[Opening Records supplied section]

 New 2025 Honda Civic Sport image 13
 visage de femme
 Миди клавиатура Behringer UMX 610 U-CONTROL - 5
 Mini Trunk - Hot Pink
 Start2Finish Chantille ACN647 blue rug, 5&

[Closing Records supplied section]

All that is needed is the line containing "Mini Trunk - Hot Pink" and each line after it to the end of the data above, set down exactly.

** Finished task **
 Mini Trunk - Hot Pink
 Start2Finish Chantille ACN647 blue rug, 5&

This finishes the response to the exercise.